RECORDS TO PROCESS
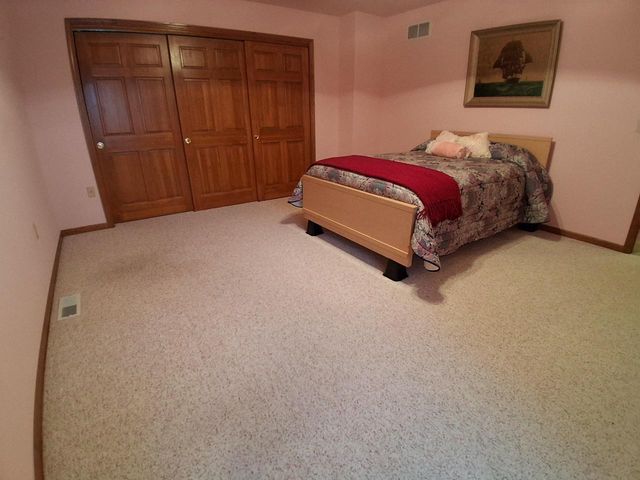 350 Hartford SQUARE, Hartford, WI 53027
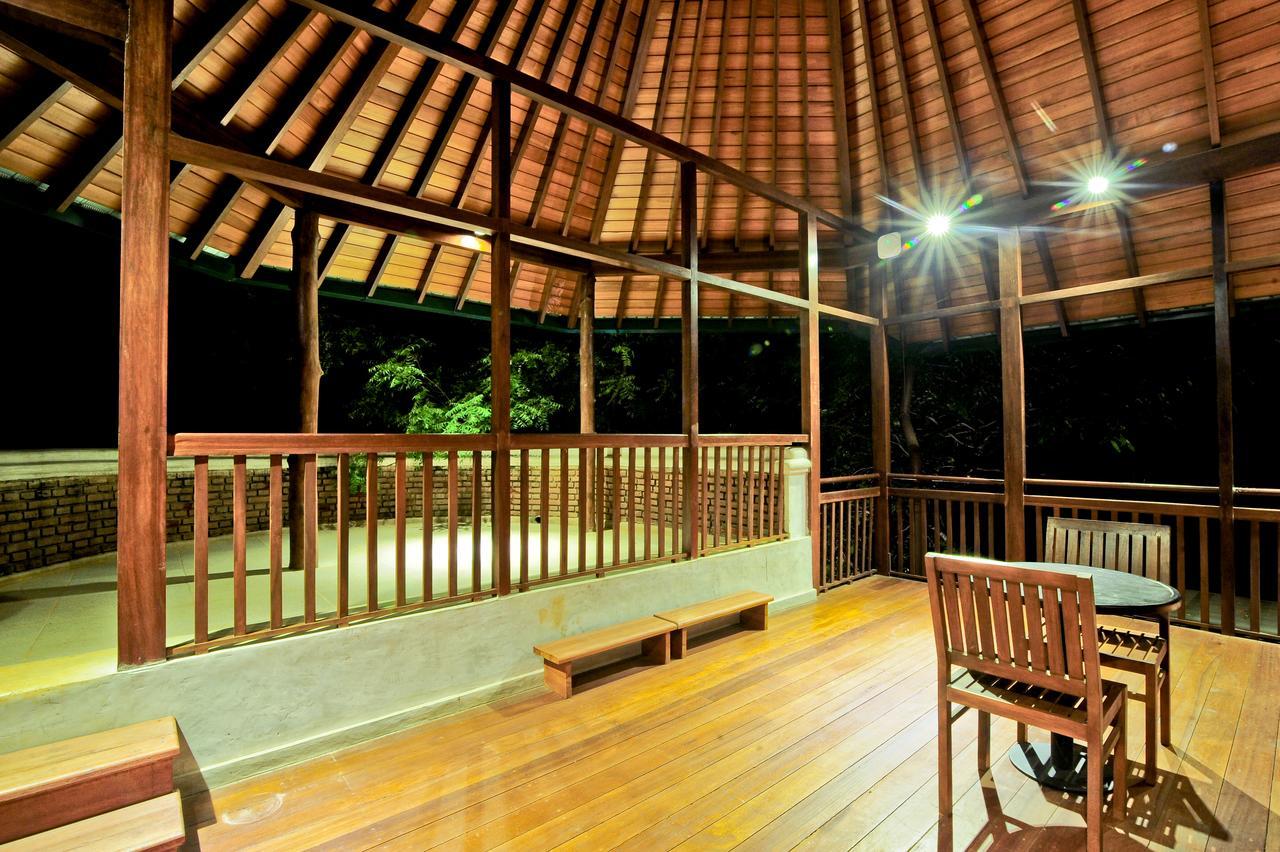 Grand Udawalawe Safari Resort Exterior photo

...

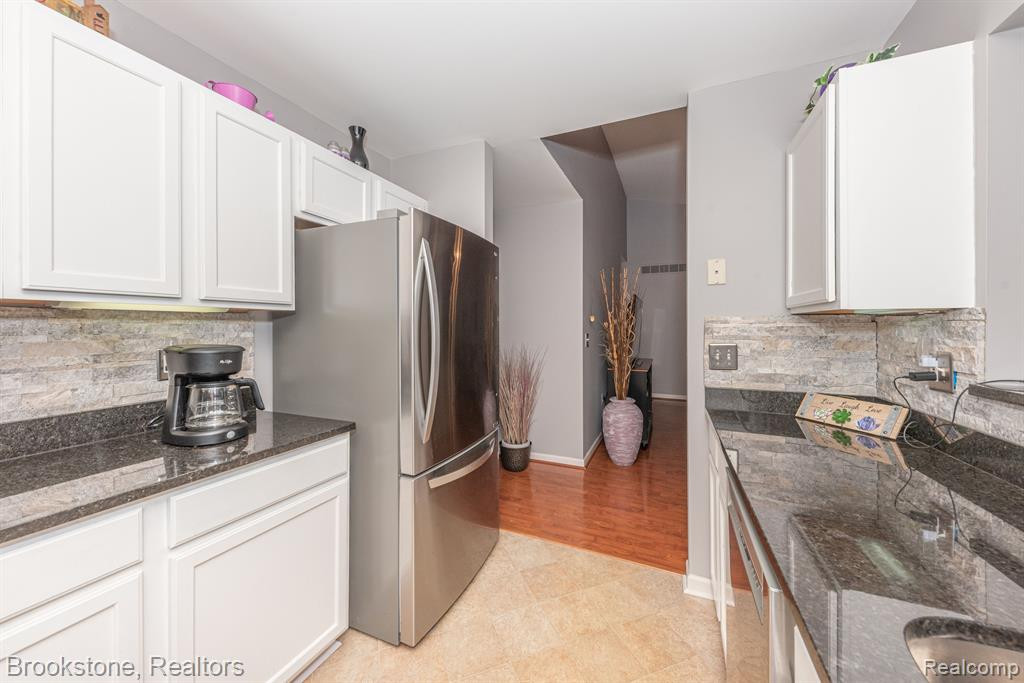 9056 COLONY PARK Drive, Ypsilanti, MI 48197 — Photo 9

ACTIVITY
Take the material above and output only the lines from the one that contains "350 Hartford SQUARE, Hartford, WI 53027" through the one that contains "Grand Udawalawe Safari Resort Exterior photo", ends included and images left out.

SOLUTION TO THE PROBLEM
 350 Hartford SQUARE, Hartford, WI 53027
 Grand Udawalawe Safari Resort Exterior photo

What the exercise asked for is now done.